# 5th element cat



## 5thelement (Apr 10, 2004)

I know this may have been asked before, but what breed is the cat from fifth element? I am planning to buy my first kitten and that is the one I want. Also there's a cute picture going around of a cat with a fly on it's nose, most cat lover's would have seen it. Is that the same breed of cat?


----------



## Sol (Feb 20, 2003)

Do you have a picture of the 5th element cat? It was a long time since I saw it so I can't remember the cat.


----------



## 5thelement (Apr 10, 2004)

I don't have a picture but, this is the URL of the image of the cat with a fly on it's nose. I think it's the same breed of cat, but not sure.

http://www.edge-inc.net/humor/index.cfm ... /Image.htm


----------



## Sol (Feb 20, 2003)

It's hard to say with only that picture. I can't tell by that picture. There's a fly in the way!!!


----------



## firelightsj (Mar 22, 2004)

I found this page _about_ that particular cat.... but still not sure what breed it would be!!
http://www.fmi.uni-passau.de/~zimmerth/ ... s/sweetie/


----------



## Annissa (Dec 9, 2003)

I'm going to guess and say British Shorthair. I'm guessing that because while searching for breeders of British Shorthairs, I see that they're often used in the movies. Plus those pictures on the site that firelightsj posted look very similar to Bean's Moby who is also a white British Shorthair.


----------



## Sol (Feb 20, 2003)

It could be a domestic shorthair. I don't think it's a British shorthair, they have a broader face and a shorter nose. And they have more compact bodies.

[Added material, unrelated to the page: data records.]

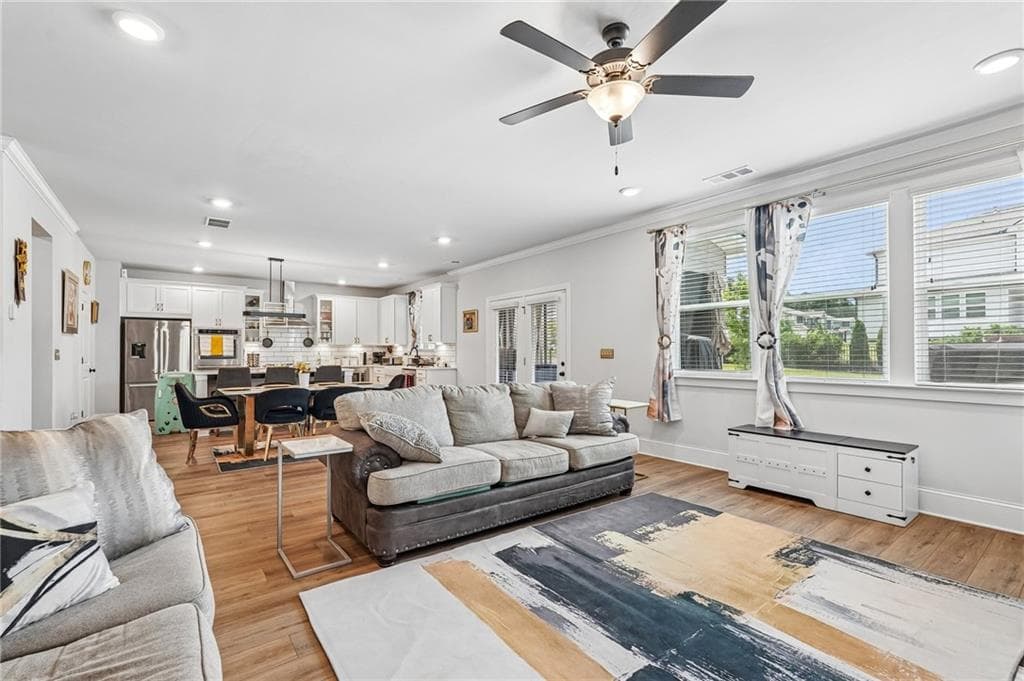 4 bedroom, 3 bathroom, 3,104 sq ft single family residence for sale at 501 Cunninghame Court, Peachtree City, GA 30269 — photo 9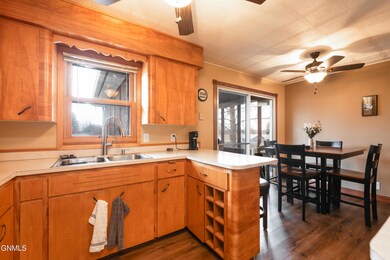 1808 N 9th St MLS-11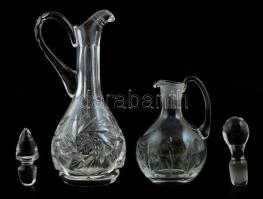 Ólomkristály dugós likőrös kiöntő, csiszolt, jelzés nélkül, egészen apró karcolásokkal. m: 23 cm+Kis...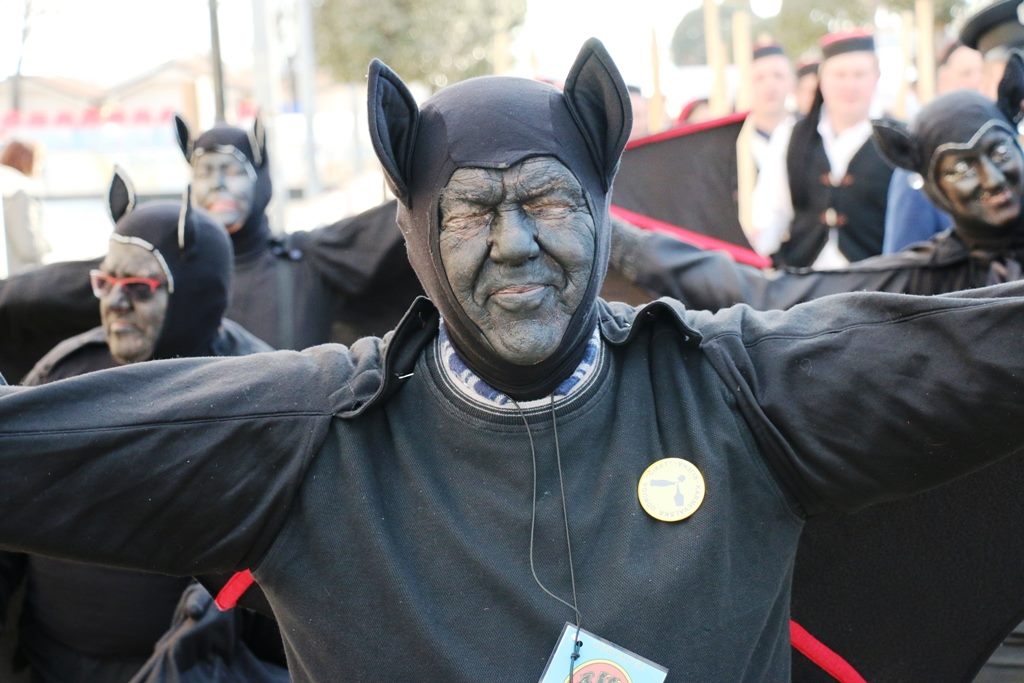 2. Međunarodna karnevalska povorka Virskih maškara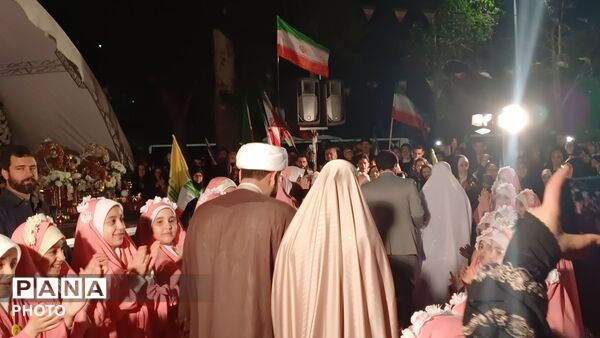 پیمان عشق ۵۰ زوج ایثارگر البرزی زیر پرچم ولایت 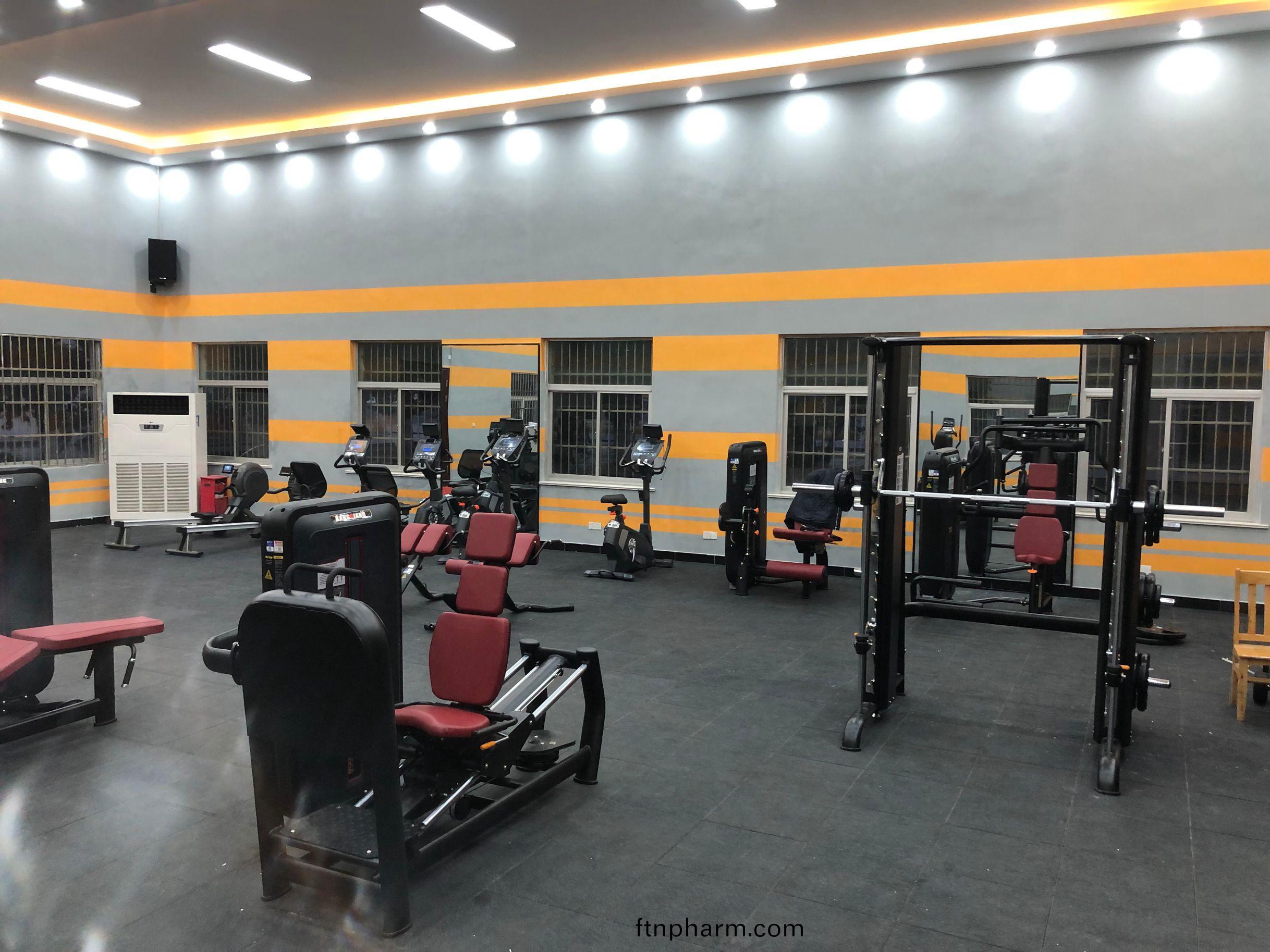 房地産(chan)健(jian)身房(fang)器材(cai)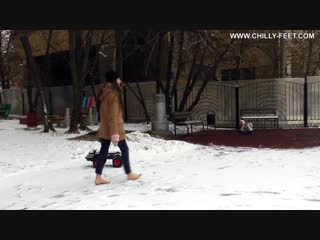 video закаленная и уверенная в себе девушка ходит босиком зимой sex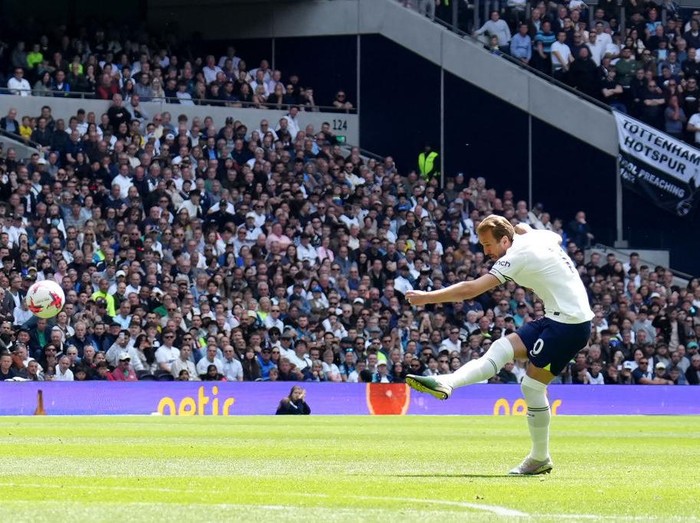 Tottenham Hotspur's Harry Kane scores their side's first goal of the game during the Premier League match at the Tottenham Hotspur Stadium, London. Picture date: Saturday May 20, 2023. (Photo by John Walton/PA Images via Getty Images)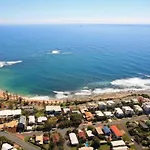 Shipton Lodge Unit 3 Moffat Beach Qld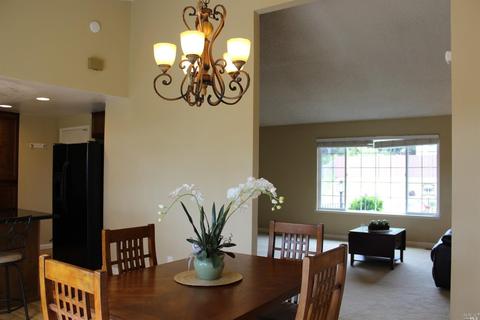 123 Primrose Ln, Vallejo, CA 94591 photo 5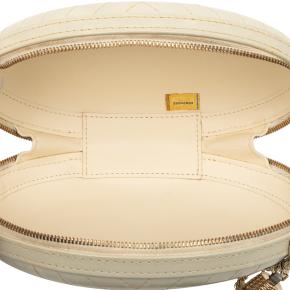 Chanel White Lambskin La Pausa Bag 4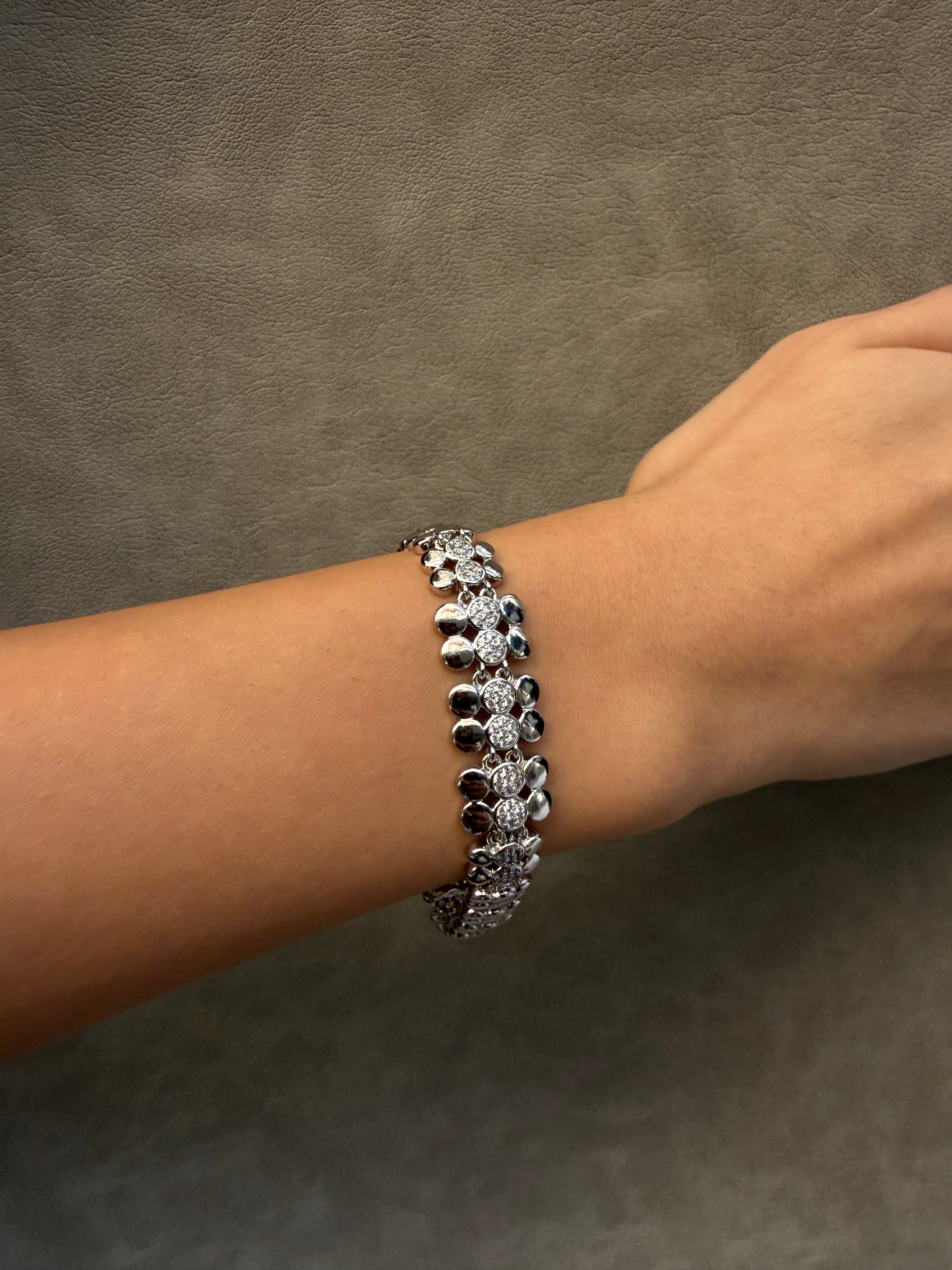 Istakoz Kabuk Detaylı Zirkon Taşlı Bileklik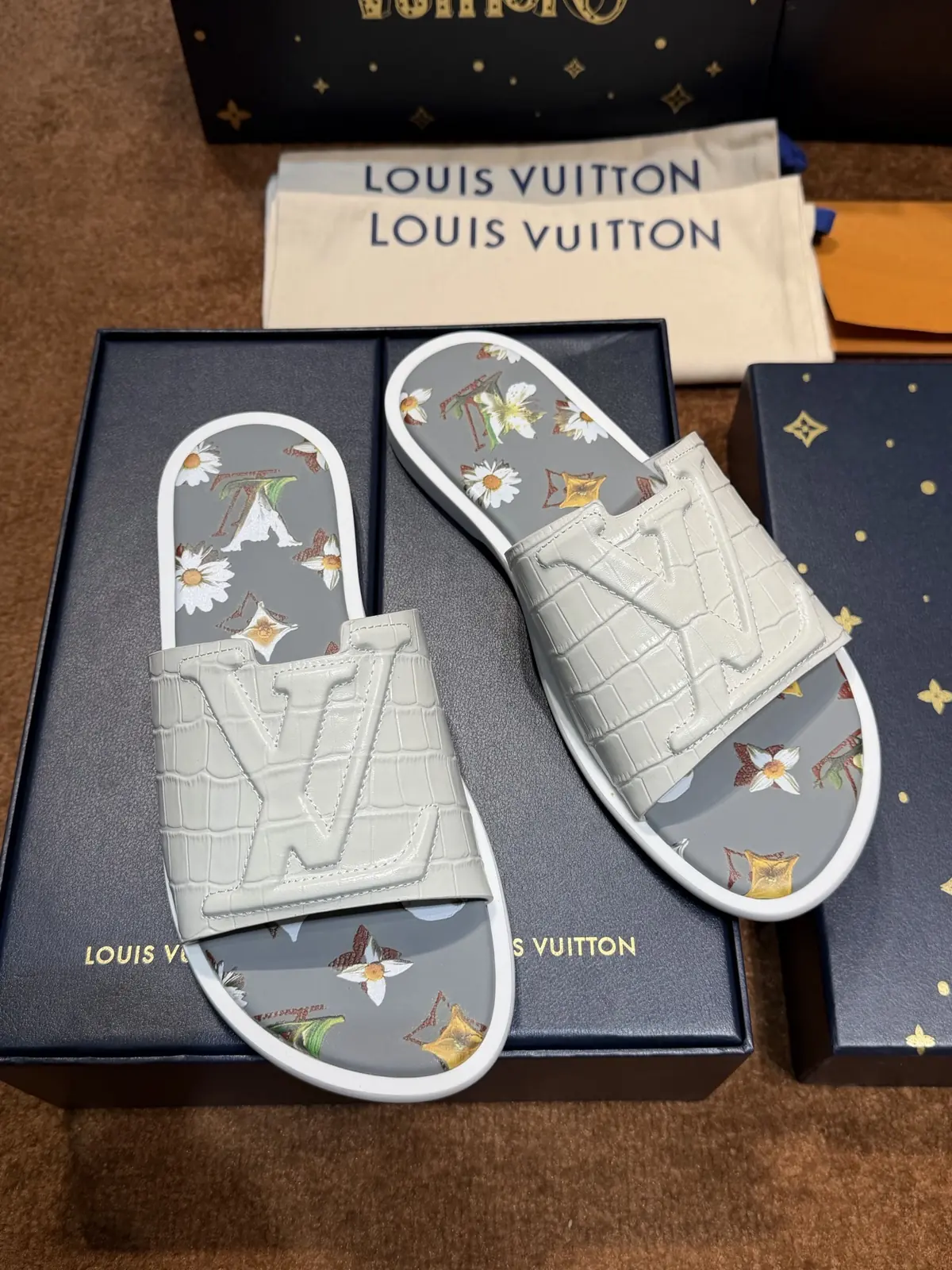 LV Style Leather Men's Shoes Lookbook Reference image 3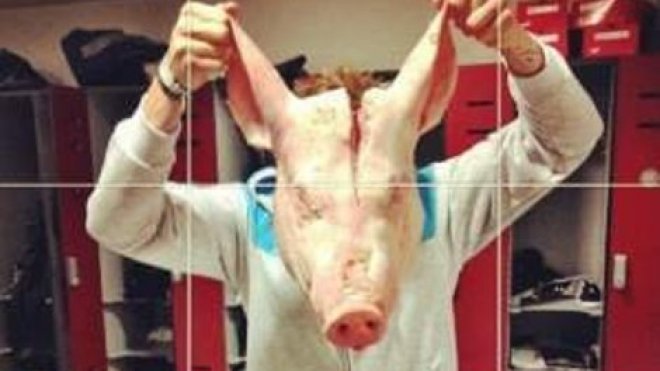 إستفزاز لاعب مسلم من ستوك سيتي الإنجليزي بـ “رأس خنزير”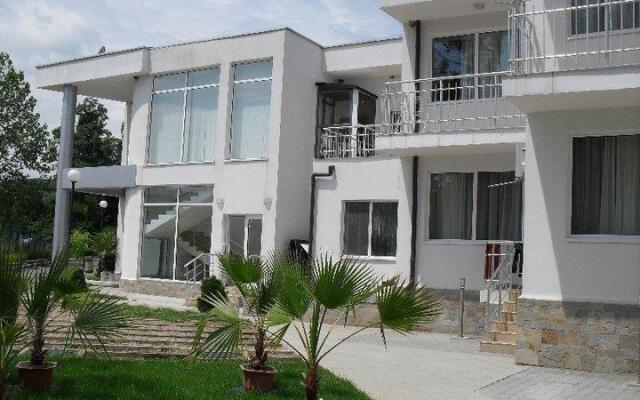 Arkutino Hotel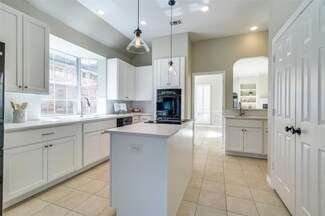 3842 Canot Ln, Addison, TX 75001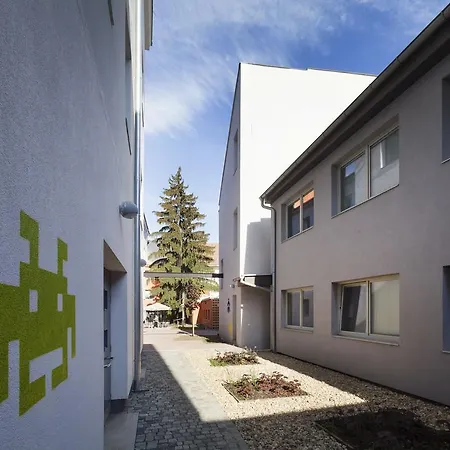 Young Space Hostel *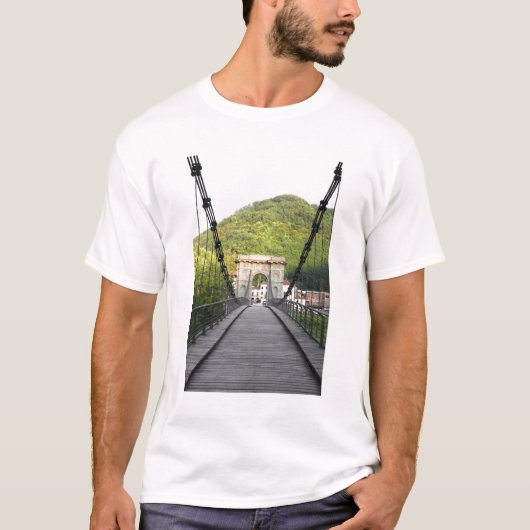 Bagni di Lucca, Toskana, Italien - Eine alte Brück T-Shirt (Vorderseite)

It could be my moggies sister. They have the same look, just different colours.


----------



## Annissa (Dec 9, 2003)

That was my next guess after British shorthair.


----------



## Padunk (Oct 20, 2003)

Any color/breed of cat will make you very happy.

A shelter kitty would do just the same, and would also be much lighter on the pocket book! :lol:


----------



## 5thelement (Apr 10, 2004)

*thanks all for the help*

Yeh, you're right about a shelter cat, my family always had a minimum of two dogs and two cats in the house and they always came from the council drains or friends of friends. And they're always the most interesting pets, particularly the cats. People give cats away in the metro here, (Moscow) so I'll probably just pick one I like there.


----------



## sylver (Mar 22, 2004)

I think it is a british shorthair 

here is a page on her, really looks like a british shorthair: 

http://www.fmi.uni-passau.de/~zimmerth/mcp/cats/sweetie/


----------



## 5thelement (Apr 10, 2004)

*possible an American shorthair*

I think it might be a domestic shorthair, or American shorthair, it looks ver similar to these cats

http://www.cfainc.org/breeds/profiles/american-sh.html


----------



## Annissa (Dec 9, 2003)

I was just about to ask if you were in Moscow Russia or Moscow, Idaho USA. Then I remembered that Moscow, Idaho doesn't have a metro... Good luck with the kitty search, 5th Element!


----------



## Bean (Mar 10, 2003)

He looks like Moby.


----------



## Joys (Jan 12, 2004)

Thats not a fly, its a bee! :mrgreen: :mrgreen: :mrgreen:


----------



## ForJazz (Dec 30, 2003)

Get a shelter kitty!!! So much more variety. Anyway -- I think the one in the pic is an American Shorthair -- people train these for tv all the time and the body type and face looks right. Sol's right about British shorthairs -- they are much broader in the face with a more "cheshire cat" look. If it's not an ASH then it's a DSH. And adorable.


----------